TASK GOAL:
Look through the records below, and whenever a line contains "Paul", copy it.

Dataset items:
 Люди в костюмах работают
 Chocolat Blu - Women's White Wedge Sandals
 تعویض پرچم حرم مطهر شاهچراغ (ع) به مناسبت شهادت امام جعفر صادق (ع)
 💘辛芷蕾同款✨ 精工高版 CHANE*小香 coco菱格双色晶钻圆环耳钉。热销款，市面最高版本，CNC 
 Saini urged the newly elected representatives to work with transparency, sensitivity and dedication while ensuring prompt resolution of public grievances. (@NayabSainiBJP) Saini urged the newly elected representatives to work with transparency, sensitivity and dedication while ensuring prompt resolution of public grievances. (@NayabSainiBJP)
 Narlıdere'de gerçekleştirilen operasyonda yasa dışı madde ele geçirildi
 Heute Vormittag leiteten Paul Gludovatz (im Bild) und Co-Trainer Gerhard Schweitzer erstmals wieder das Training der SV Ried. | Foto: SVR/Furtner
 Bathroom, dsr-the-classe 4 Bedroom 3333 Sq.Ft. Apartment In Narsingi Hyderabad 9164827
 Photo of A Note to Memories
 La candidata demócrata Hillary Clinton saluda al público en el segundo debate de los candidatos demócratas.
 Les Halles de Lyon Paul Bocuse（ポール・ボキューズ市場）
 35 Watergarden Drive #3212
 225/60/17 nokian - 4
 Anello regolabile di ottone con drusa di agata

ANSWER TO THE PROBLEM:
 Heute Vormittag leiteten Paul Gludovatz (im Bild) und Co-Trainer Gerhard Schweitzer erstmals wieder das Training der SV Ried. | Foto: SVR/Furtner
 Les Halles de Lyon Paul Bocuse（ポール・ボキューズ市場）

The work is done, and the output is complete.